DRAFT FISCAL CAPACITY POLICIES/STRATEGIES

December 11, 2011

 

State Goal: Plan for, finance and develop an efficient system of public facilities and services to accommodate growth and economic development.

 

Local Goal: Maintain and improve our fiscal capacity in a manner that allows us to make cost effective and efficient investments in the facilities and services required to support job creation and population growth.

 

Summary: Fiscally, Fort Kent has managed well considering rising operation and maintenance costs, a slowly declining population and the trend in residential development being spread out along rural roads. It is well documented that the cost of delivering services like road maintenance, police, fire and emergency protection, water and sewer and school busing all increase substantially as development spreads further away from the community center. The 2011 Comprehensive Plan update encourages development where services can be provided in a cost effective manner. This approach helps protect and maintain the community’s fiscal capacity and is explained further in the future land use section of the plan.

 

The Town’s fiscal capacity is measured using four parameters; assessed value, operating expenditures and revenues, borrowing capacity and alternative revenue sources. Analysis of these factors indicates that Fort Kent has both fiscal strength and opportunity. The town’s net valuation is 83.8% of the State’s full valuation. This is fair and acceptable figure on which to base local tax assessment. Local net valuation is calculated every year and is trending upward. In 2010, department operating cost increases represented only about 5% of the municipal budget; very modest given that the real operating cost increases since 2005 are more in the order of 20-30%. Basic department revenues indicate a declining trend from 2007 to 2010; likely the result of transient grants funding having closed. The town presently has borrowing capacity that would allow it to carry additional debt. Current long-term debt is .92% of the State’s full valuation; well below the 5% that is considered fiscally prudent. Per capita debt is 2.5% of the per capita income of $19,250. Well within the recommended limit of 4%-5% and a positive sign of fiscal capacity. Fort Kent would benefit from a thoughtful approach to alternative revenues as there is considerable potential for growth. The trend indicates little progress in reducing dependence on property taxes by shifting some of the burden. The town could adopt impact fees to lower the significant impacts certain development has on facilities and services. The building (land use) permit fee is a low flat fee that obsolete and does little to defray the cost of permit reviews and code enforcement.

 

The policies and strategies outlined below are based on the parameters that measure fiscal capacity. They are designed to maintain the town’s positive fiscal characteristics. The capital investment plan, is the overriding strategy that directs where investment in facilities and services should be made, what the priorities are and identifies potential funding sources. This forms the basis for the annual capital improvements plan that includes details on funding sources and timeline for specific projects.

 

Policy 1: Maintain a reasonable property tax obligation by continuing to stay

below the limits established in LD#1.

 

Strategies:

a.      Advocate for required fiscal impact analysis of all State incentive programs that result in revenue losses to municipalities.

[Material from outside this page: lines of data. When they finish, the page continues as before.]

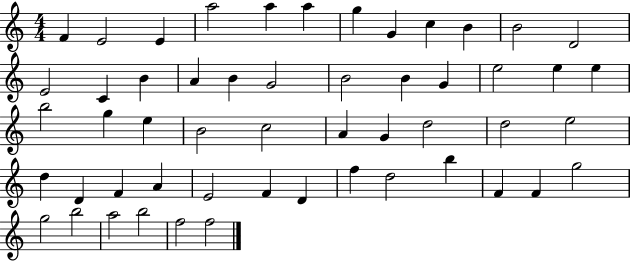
X:1
T:Untitled
M:4/4
L:1/4
K:C
F E2 E a2 a a g G c B B2 D2 E2 C B A B G2 B2 B G e2 e e b2 g e B2 c2 A G d2 d2 e2 d D F A E2 F D f d2 b F F g2 g2 b2 a2 b2 f2 f2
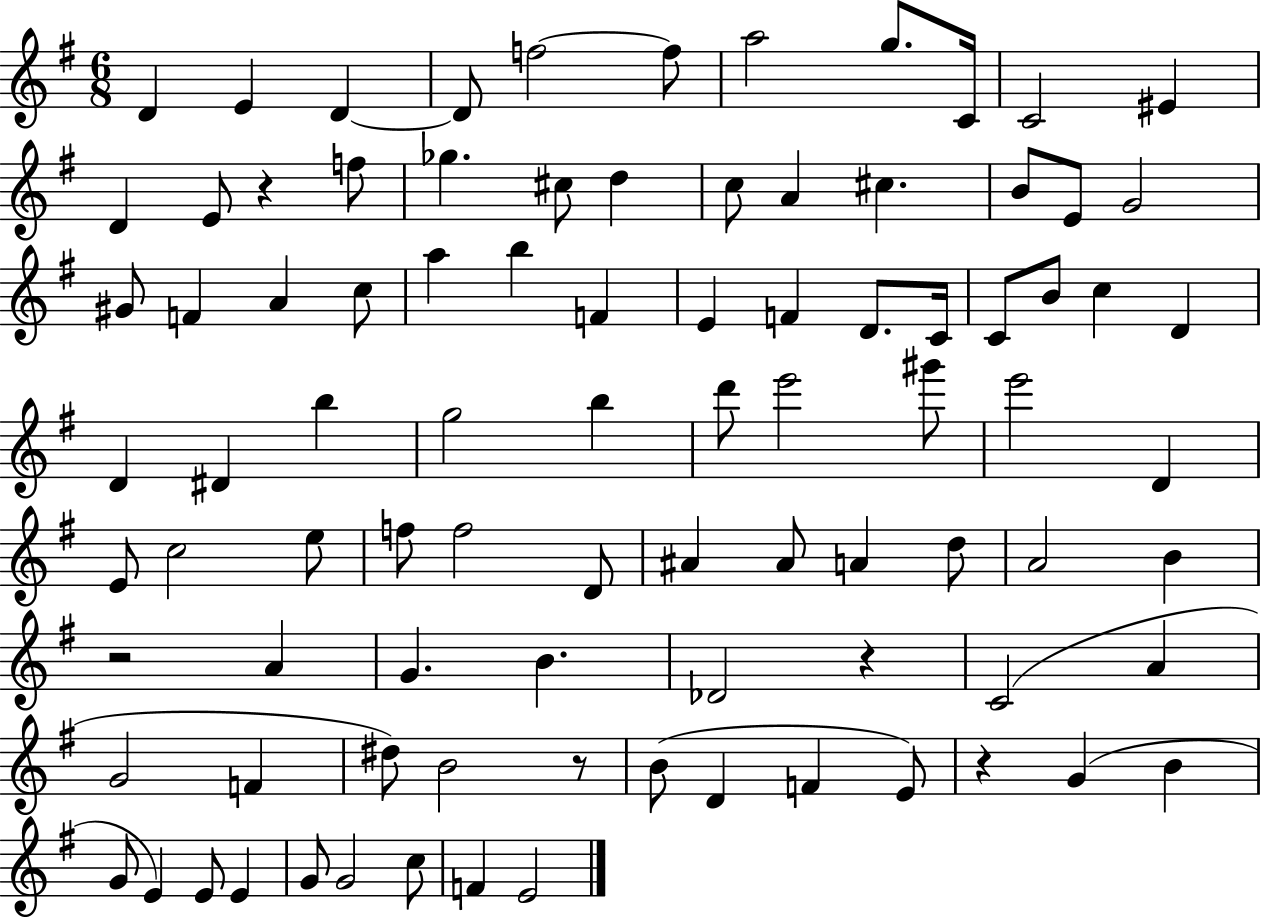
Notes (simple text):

D4/q E4/q D4/q D4/e F5/h F5/e A5/h G5/e. C4/s C4/h EIS4/q D4/q E4/e R/q F5/e Gb5/q. C#5/e D5/q C5/e A4/q C#5/q. B4/e E4/e G4/h G#4/e F4/q A4/q C5/e A5/q B5/q F4/q E4/q F4/q D4/e. C4/s C4/e B4/e C5/q D4/q D4/q D#4/q B5/q G5/h B5/q D6/e E6/h G#6/e E6/h D4/q E4/e C5/h E5/e F5/e F5/h D4/e A#4/q A#4/e A4/q D5/e A4/h B4/q R/h A4/q G4/q. B4/q. Db4/h R/q C4/h A4/q G4/h F4/q D#5/e B4/h R/e B4/e D4/q F4/q E4/e R/q G4/q B4/q G4/e E4/q E4/e E4/q G4/e G4/h C5/e F4/q E4/h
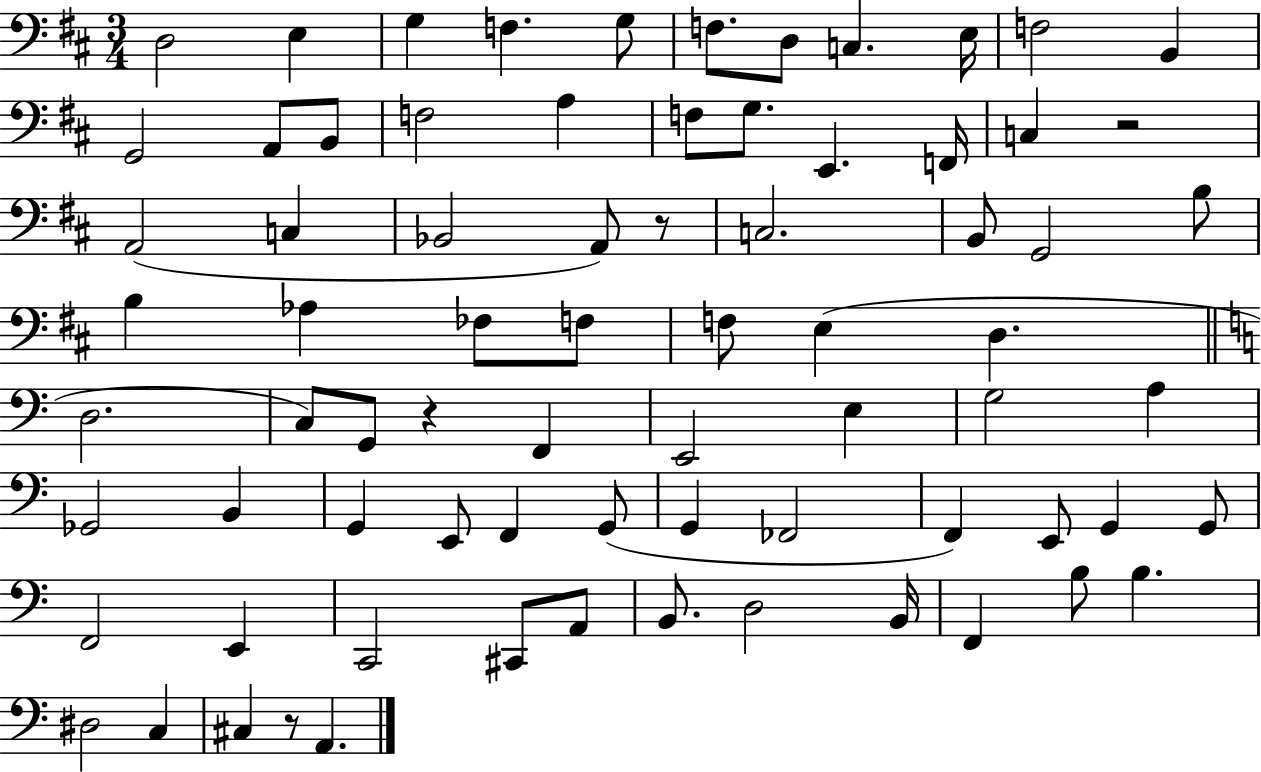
X:1
T:Untitled
M:3/4
L:1/4
K:D
D,2 E, G, F, G,/2 F,/2 D,/2 C, E,/4 F,2 B,, G,,2 A,,/2 B,,/2 F,2 A, F,/2 G,/2 E,, F,,/4 C, z2 A,,2 C, _B,,2 A,,/2 z/2 C,2 B,,/2 G,,2 B,/2 B, _A, _F,/2 F,/2 F,/2 E, D, D,2 C,/2 G,,/2 z F,, E,,2 E, G,2 A, _G,,2 B,, G,, E,,/2 F,, G,,/2 G,, _F,,2 F,, E,,/2 G,, G,,/2 F,,2 E,, C,,2 ^C,,/2 A,,/2 B,,/2 D,2 B,,/4 F,, B,/2 B, ^D,2 C, ^C, z/2 A,,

b.      Continue to manage for a local net assessed valuation of 80% or above the State’s full valuation.

c.      Complete an eligibility review of property uses for properties owned by tax exempt organizations and study options for payments in lieu of taxes (PILOT).

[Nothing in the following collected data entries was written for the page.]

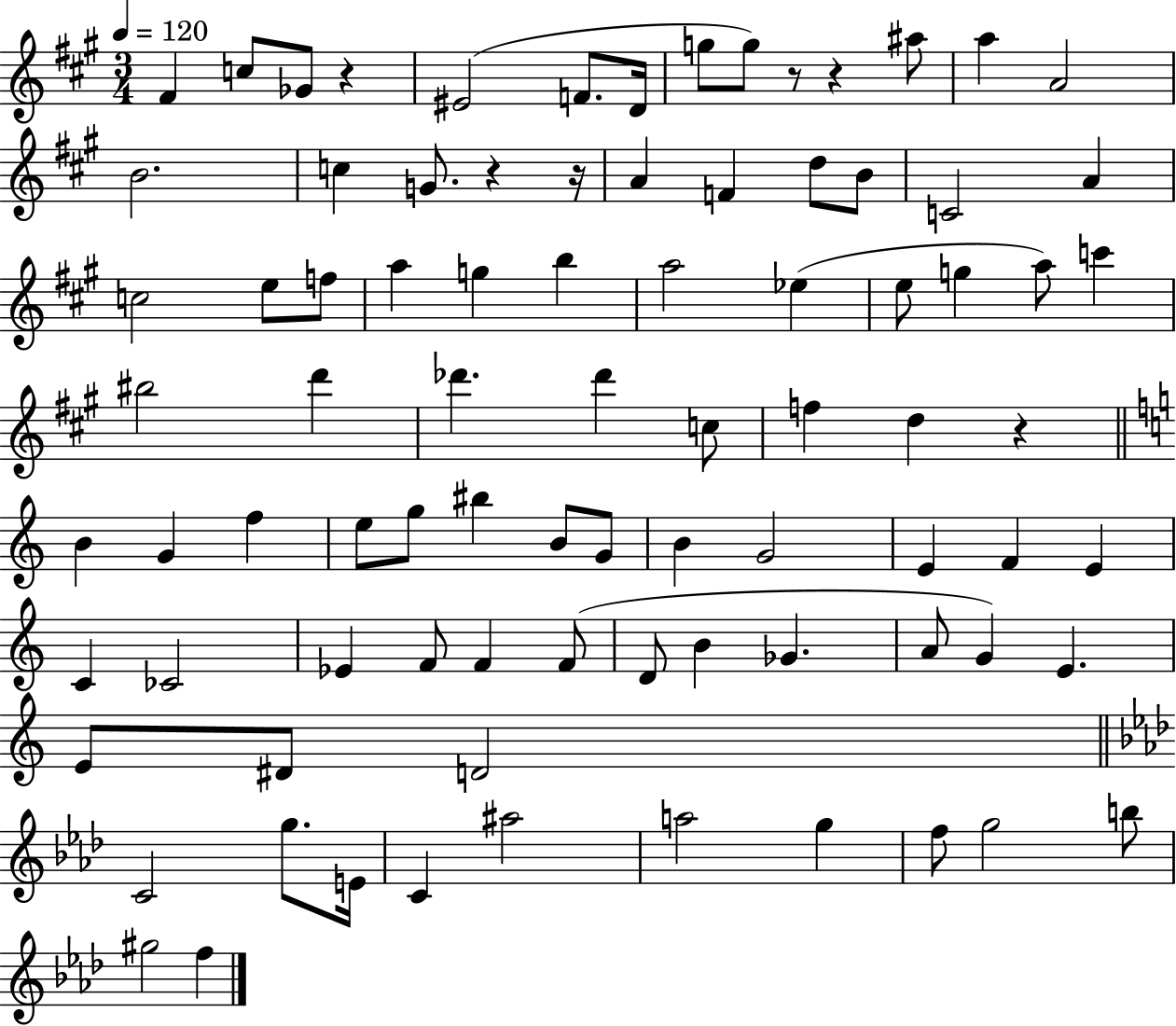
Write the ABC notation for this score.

X:1
T:Untitled
M:3/4
L:1/4
K:A
^F c/2 _G/2 z ^E2 F/2 D/4 g/2 g/2 z/2 z ^a/2 a A2 B2 c G/2 z z/4 A F d/2 B/2 C2 A c2 e/2 f/2 a g b a2 _e e/2 g a/2 c' ^b2 d' _d' _d' c/2 f d z B G f e/2 g/2 ^b B/2 G/2 B G2 E F E C _C2 _E F/2 F F/2 D/2 B _G A/2 G E E/2 ^D/2 D2 C2 g/2 E/4 C ^a2 a2 g f/2 g2 b/2 ^g2 f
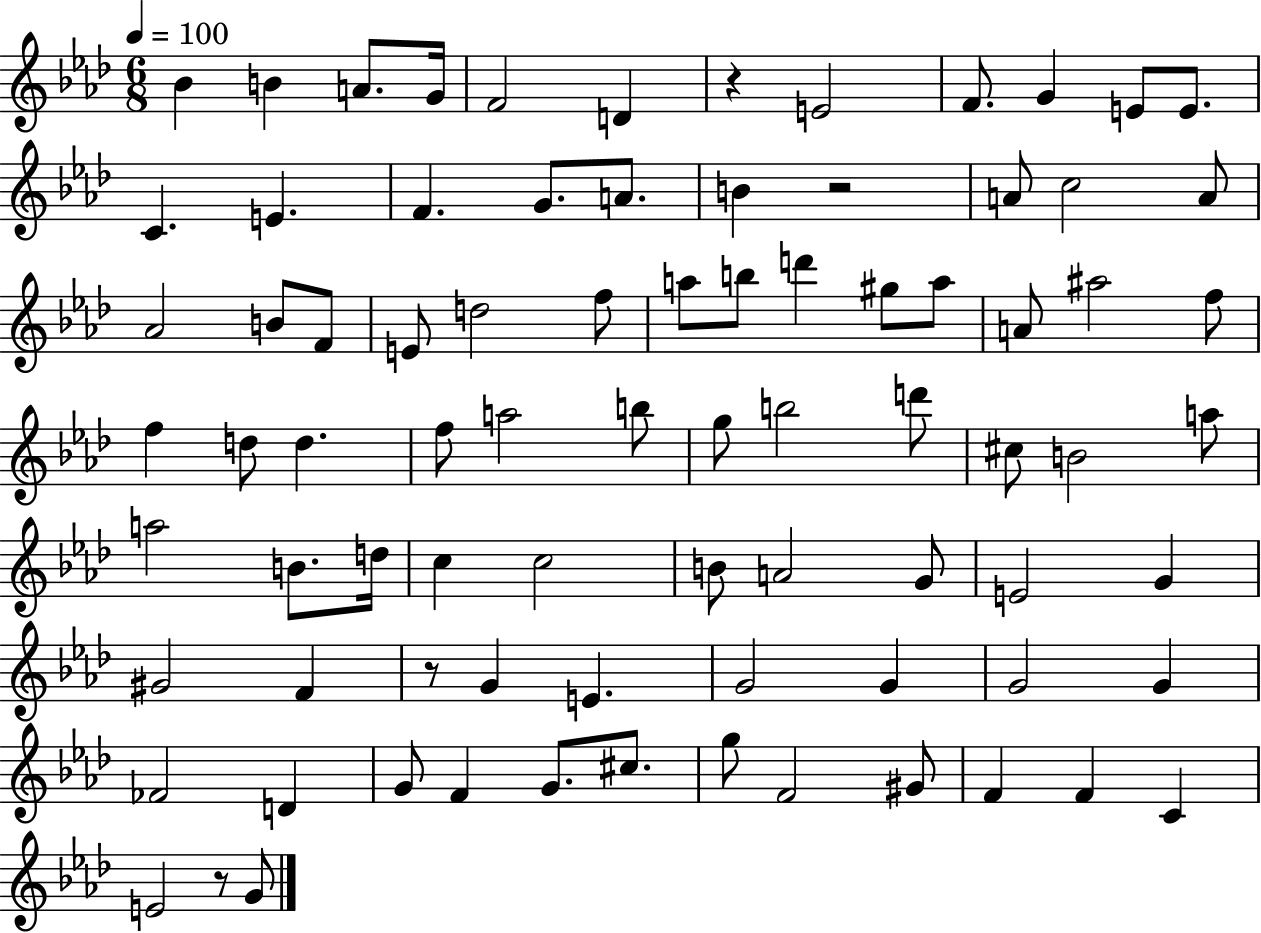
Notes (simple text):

Bb4/q B4/q A4/e. G4/s F4/h D4/q R/q E4/h F4/e. G4/q E4/e E4/e. C4/q. E4/q. F4/q. G4/e. A4/e. B4/q R/h A4/e C5/h A4/e Ab4/h B4/e F4/e E4/e D5/h F5/e A5/e B5/e D6/q G#5/e A5/e A4/e A#5/h F5/e F5/q D5/e D5/q. F5/e A5/h B5/e G5/e B5/h D6/e C#5/e B4/h A5/e A5/h B4/e. D5/s C5/q C5/h B4/e A4/h G4/e E4/h G4/q G#4/h F4/q R/e G4/q E4/q. G4/h G4/q G4/h G4/q FES4/h D4/q G4/e F4/q G4/e. C#5/e. G5/e F4/h G#4/e F4/q F4/q C4/q E4/h R/e G4/e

d.      Establish and make annual contributions to a reserve fund for a 2017-2018 town wide revaluation.

e.      Continue to assess new construction according to the revaluation base year.

 

Policy 2: Control the operating expenditures/revenues for all departments by a

cost/benefit approach to the availability and level of services.

 

Strategies:

a.      Initiate public communication on efforts and methods used to control operating expenditures.

b.      Complete a comprehensive review of existing fee structures for all departments, review annually and adjust fees as necessary.

c.      Research opportunities to discontinue ownership or maintenance of existing rural roads that are vacant or with few residences and propose modest property tax reductions for owners.

d.      Review fee formulas for service agreements with neighboring communities and adjust as necessary to cover administrative and capital costs.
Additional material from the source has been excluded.